Q: Why did you say Wicky came to your home? You have not said that in your statement?


A: I said we went to Amadiya for a test drive. I cannot remember whether its 1st 2nd or 3rd.


Q: Which statement is true?


A: Whatever I said in the statement I gave with a fresh memory. But now it’s been a long time. What I said to the Police is correct. I cannot forget everything. Might have forgotten some.


Q: You lie in whichever statement?


A: What am I lying ? If they can ask questions from the statement I can also answer from the statement. If someone ask you about something after two years can you remember everything unless you read the statement again.


Q: Who told you to tell additional things which are not in the statement?


A: Give me a chance to read my statement. They are looking at my statement and asking questions. I tell the Court whatever I can remember. If I can be given my statement I will answer.


  1. I am satisfied that the witness, Jay Singh’s evidence was convincing although there were few contradictions which are ignorable. Over the passage of time it is reasonable for a person to forget every little detail of an incident. Further the witness clearly said that since it has been a long time he may not remember everything.
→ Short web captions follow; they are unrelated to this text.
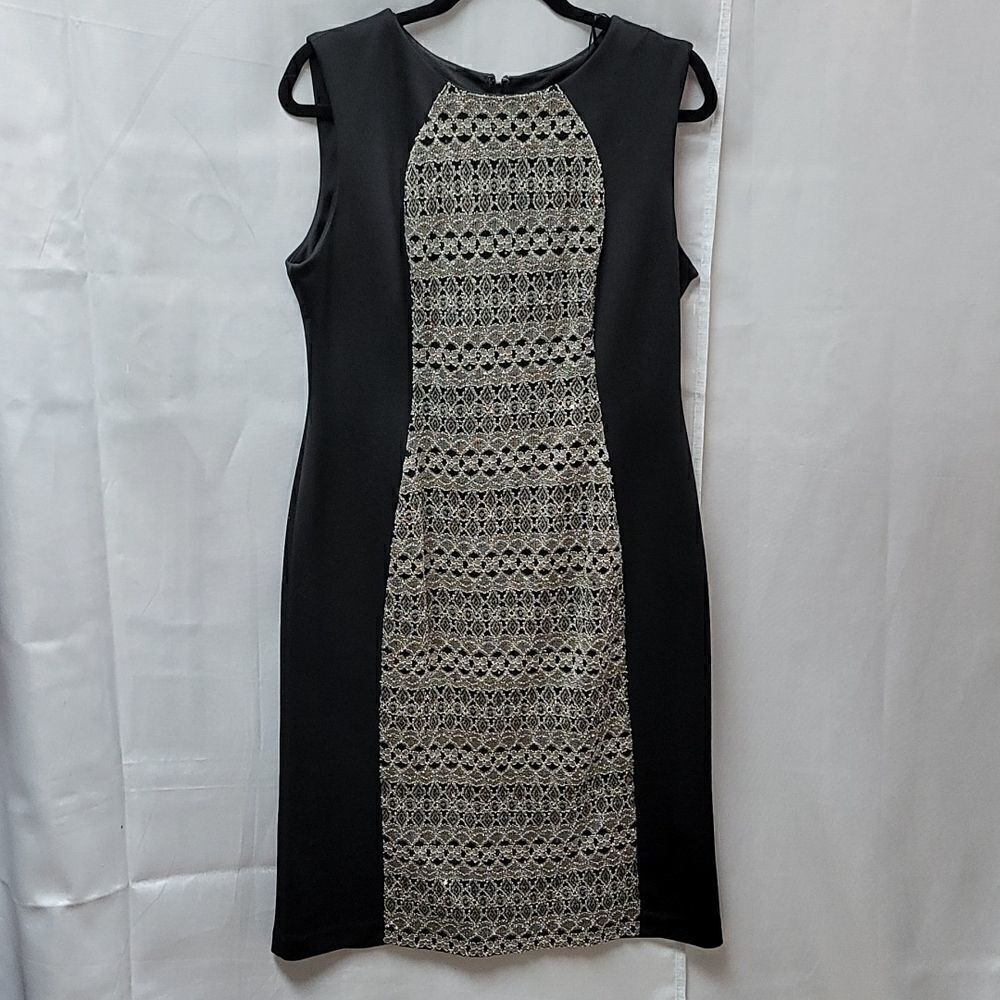R & M Richards Little Black & Gold Dress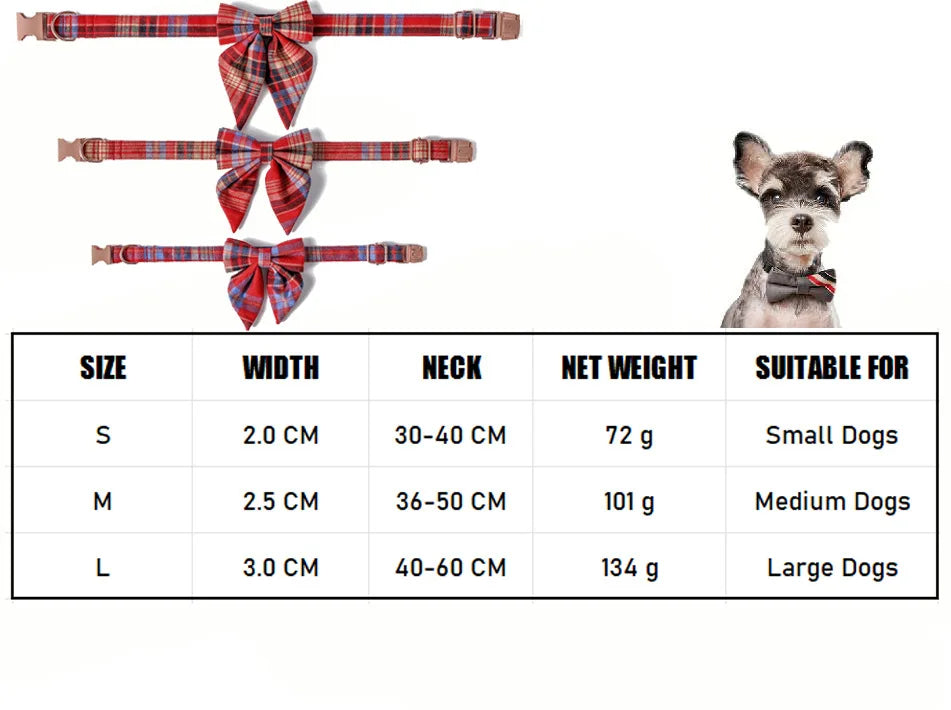 Collier pour Animaux à Carreaux avec Nœud Papillon pour Chats et Chiens - Ajustement Réglable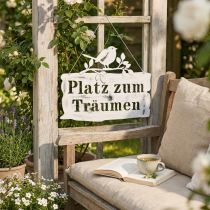 Artikel Metall-Schriftzug zum Hängen in Weiß-Silber mit Vogelmotiv, ca. 38cm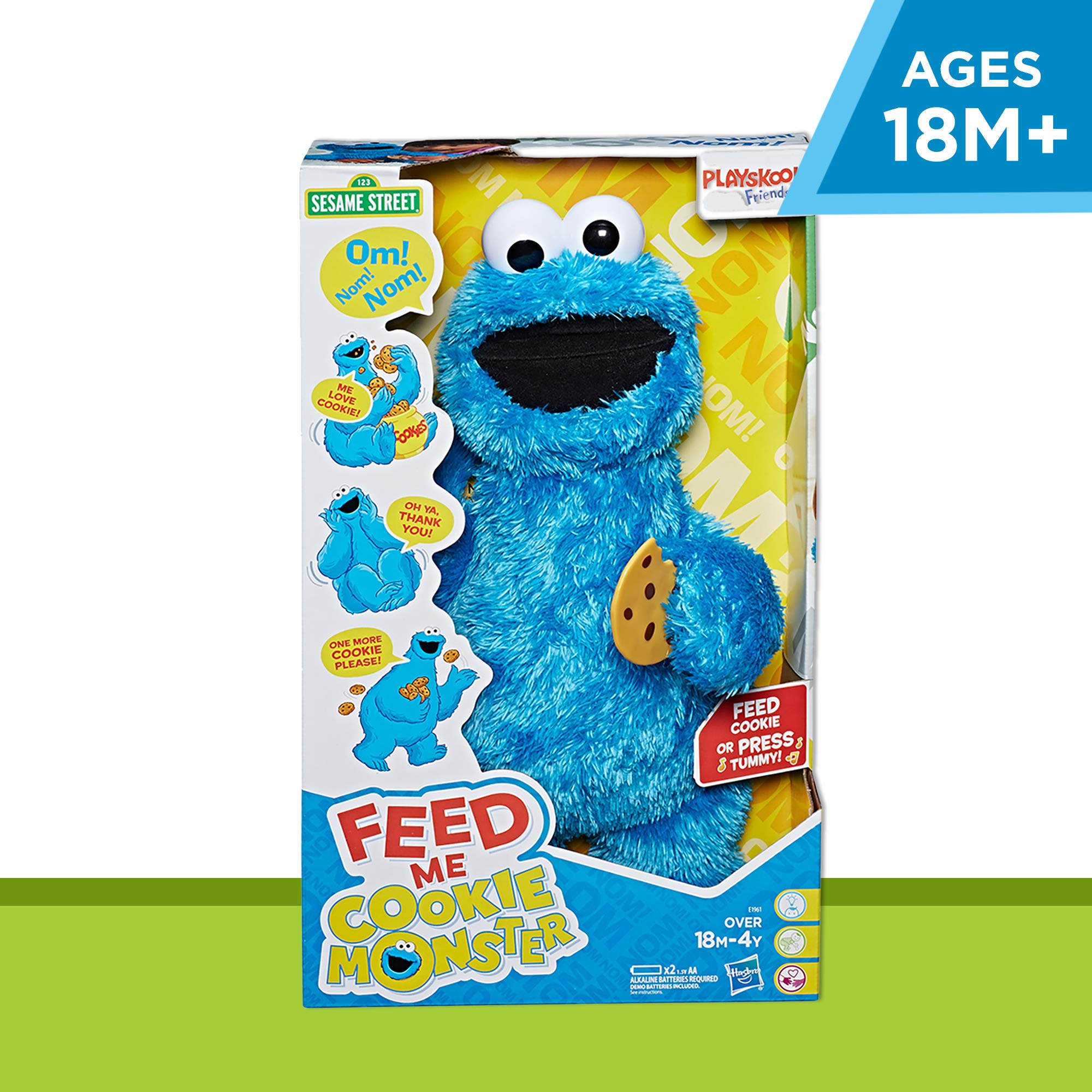 Sesame Street Cookie Monster plush, cookie-in-hand moment, beginner-friendly, promotes imaginative play.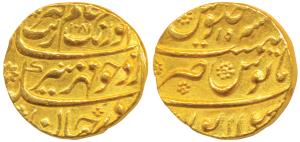 Aurangzeb, Gold Mohur, 10.94g, Sholapur Mint, AH 1081/15, near complete mint name at botto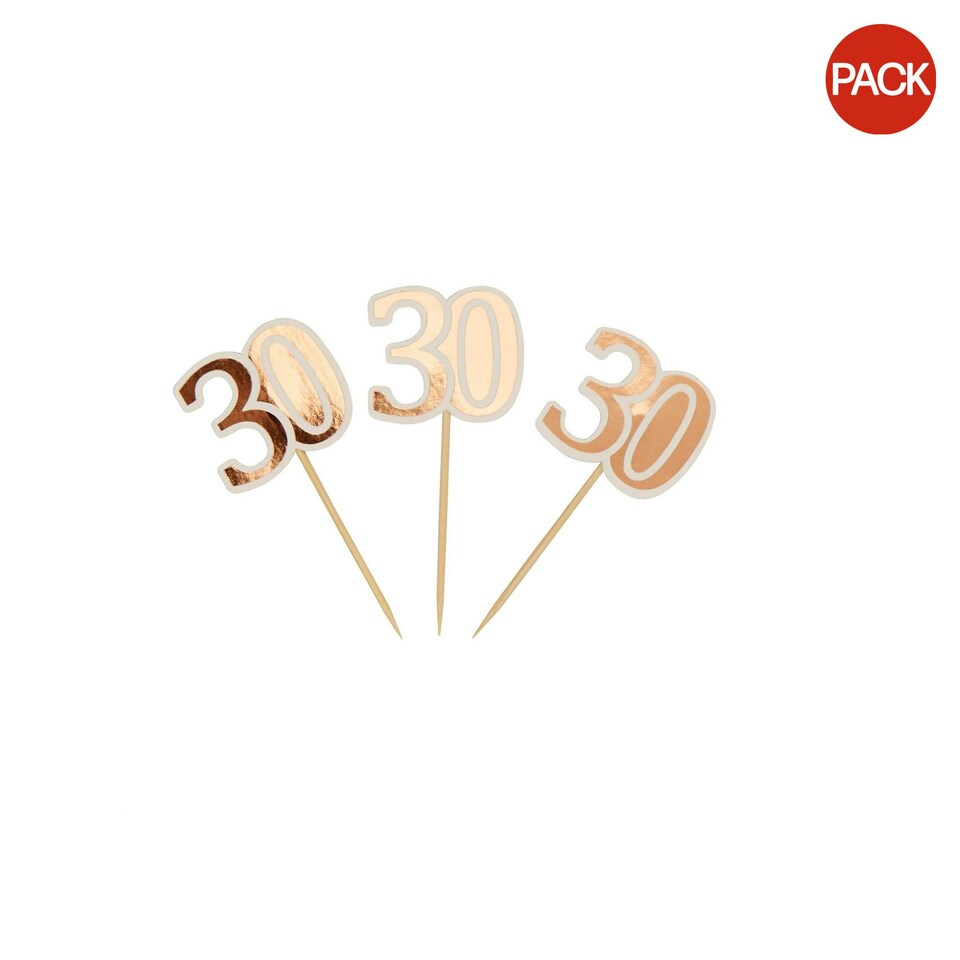 Neviti 30th Birthday Party Picks (Pack of 10) - Rose Gold - One Size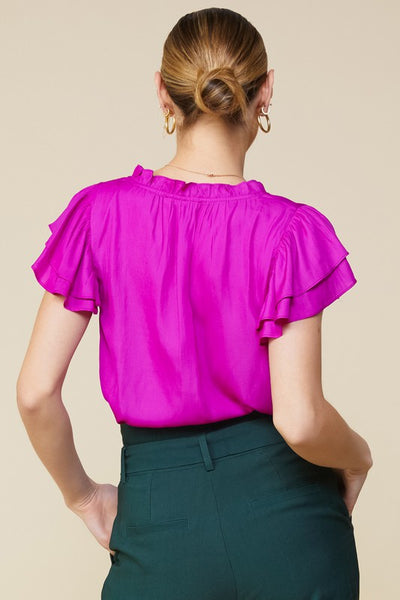 WORK TO WEEKEND SATIN RUFFLE TOP IN ORCHID-Tops-MODE-Couture-Boutique-Womens-Clothing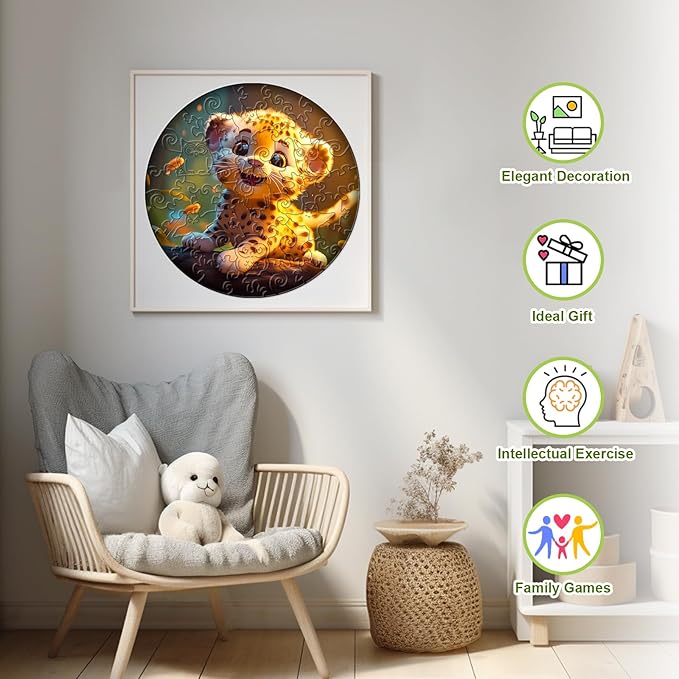 Wooden Jigsaw Puzzles for Kids Ages 3-7, Cute Leopard 50 Pieces Kids Puzzle, Birthday Gift Idea, Toddler Kid Activities Preschool Puzzle Toys - 11.4×11.4 Inches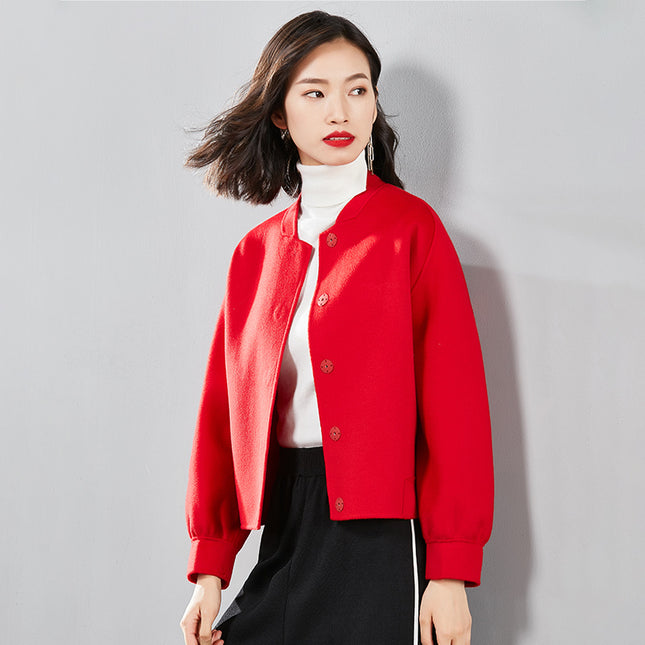 Christmas winter wear with double face woolen and cashmere coat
In any event I am satisfied that his credibility is intact despite the lengthy cross examination by the Defence.
  2. The Prosecution witness Jay Singh referred to a person called “Wicky” in a number of times. He said that Wicky told him so many things regarding this incident. However the Prosecution failed to elicit who is called as Wicky and it does not appear that the person referred to as Wicky was called to give evidence. Thus I disregard those particular facts said to have been uttered by Wicky as they amount to hearsay evidence.
  3. At any event the witness gave evidence with regard to the reason for the meeting in the following manner during the cross examination by the 6th Accused;

Q: Do you know that you are liable to be prosecuted if you say something false?

A: Yes

Q: Did you also have a part in the meeting?

A: Yes I was at the meeting

Q: Can you tell the reasons and contents of the meeting?

A: To plan a robbery at the garment factory

Q: Did you see any one at the meeting?

A: I saw 4 persons.


  1. The Prosecution called another witness to testify regarding the alleged meeting to plan a robbery. Ropate Drauniniu said that he met 4th, 5th and 6th Accused at the meeting. Further it was clearly seen that this witness knew the three Accused very well. He further said that those who were at the meeting were planing a robbery and asked him whether he wants to join them. He said that he participated in the attempt to commit the robbery at the Danam’s garment. He also said that the 6th Accused made the plan while 4th, 5th and two other Indian men were present. However this witness gave very evasive answers during the cross examination by some Accused persons. But when the 5th and the 6th Accused persons cross examined him, he again gave evidence in a consistent manner. Although this witness corroborated the evidence given by Jay Singh I am not inclined to attach much weight to his evidence due to the inconsistent manner in which he testified at times.
  2. This Court is very well mindful of the danger of convicting Accused on uncorroborated evidence of accomplices. However the Prosecution adduced circumstantial evidence to establish that the 2nd, 4th, 5th and the 6th Accused conspired to carry out a robbery.
  3. As it was earlier stated as per Wills On Circumstantial Evidence, 7th Edition, p.19 “In the absence direct evidence, a conspiracy can be inferred from the conduct of the parties alleged to have conspired, from their subsequent overt acts, and from other relevant circumstantial evidence incompatible with their innocence and incapable of explanation upon any other reasonable hypothesis than that of their guilt.”
  4. Further The Fiji Court of Appeal in Narendra Prasad v. Reginam (1979) 25 FLR 231 at 224 expressed the issue more clearly as follows:

"A conspiracy is often proved by proving acts on the part of the accused persons which lead to the inference that they were acting in concert in pursuance of an agreement to do an unlawful act. Frequently the implementing action is itself the only evidence of the conspiracy and this has been referred to in numerous cases as the doctrine of overt acts. In Reg. v. Murphy 1837 C & P Coleridge J. said at page 311. 'It is not necessary that it should be proved that these defendants met to concoct this scheme, nor is it necessary that they should have originated it'.


It concluded –


"If the conclusion to be drawn from the overt acts proved against the appellant and the other accused was that there was a conspiracy, then a charge of conspiracy will lie notwithstanding the lack of evidence of a formal agreement between the appellant and the other accused person concluding such a conspiracy. Where and when the conspiracy originated is often unknown and seldom relevant as conspiracy is often proved by overt acts from which an antecedent conspiracy is to be inferred."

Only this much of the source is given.